With the advent of the big stock market drop, most fund managers are starting to invest in oil. Does that just mean they are investing in Chevron and Texaco? Or are there others ways to invest in oil? Enlighten me.
John
John
USO is the most direct way for a retail investor to buy oil that I'm aware of. Obviously, oil & gas companies do well when oil goes up and vice versa too.
That answers your question.
Now, my opinion... you might as well buy gold, or hardwood, or pork bellies or...
If you don't know why the asset has appreciated ("supply and demand" is not the answer so don't be an economist) then you would be well advised to stay away from it.

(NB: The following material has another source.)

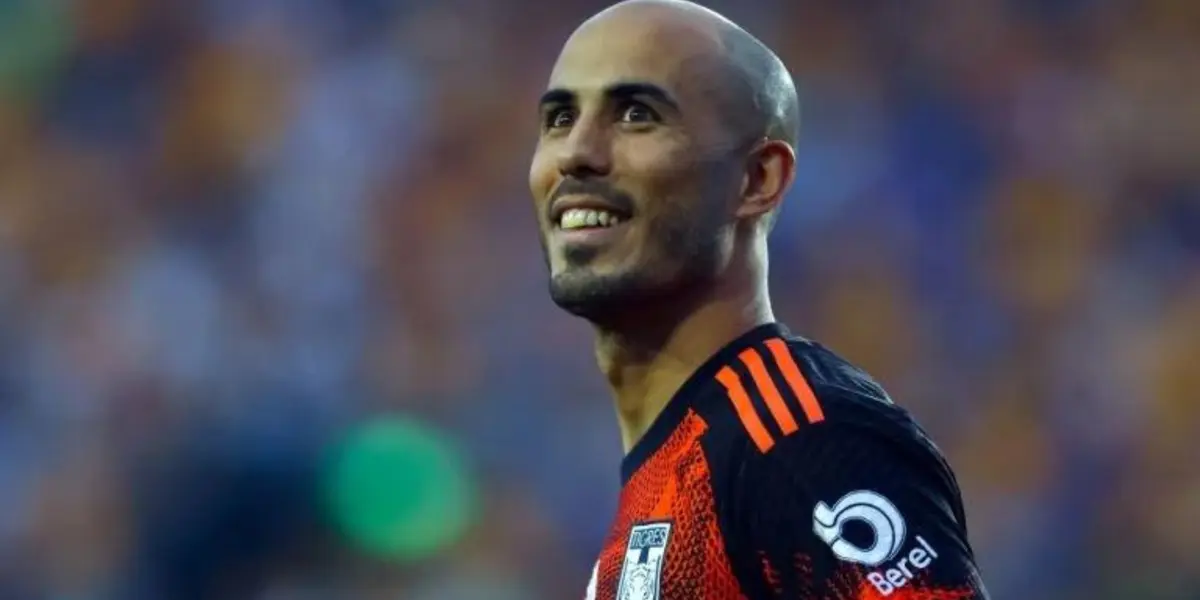 Pizarro en partido con Tigres. Foto: Récord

Smart investors avoid things they don't (and can't) know. Those are words I live by.
With the advent of the big stock market drop, most fund managers are starting to invest in oil. Does that just mean they are investing in Chevron and Texaco? Or are there others ways to invest in oil? Enlighten me.
John
my lil bro....started off as chem eng (ga tech) grad in 2000. Invested 15percent of salary in 401k with exxon, which who he works for. In 2003 it has grew to 87k. He got his mba (rice), so they switched him to the biz side and gave him a region, so he invested 25% of pay which went mostly into oil. At the end of 2007 he had over 1 million in 401k....he switched it to 5% last month, for fear of it bottoming out for he felt like it has reached close to its peak...........sell sell sell....and to think he has a company gas card and car---
We fuss about gas all the time....supply and demand my but!!!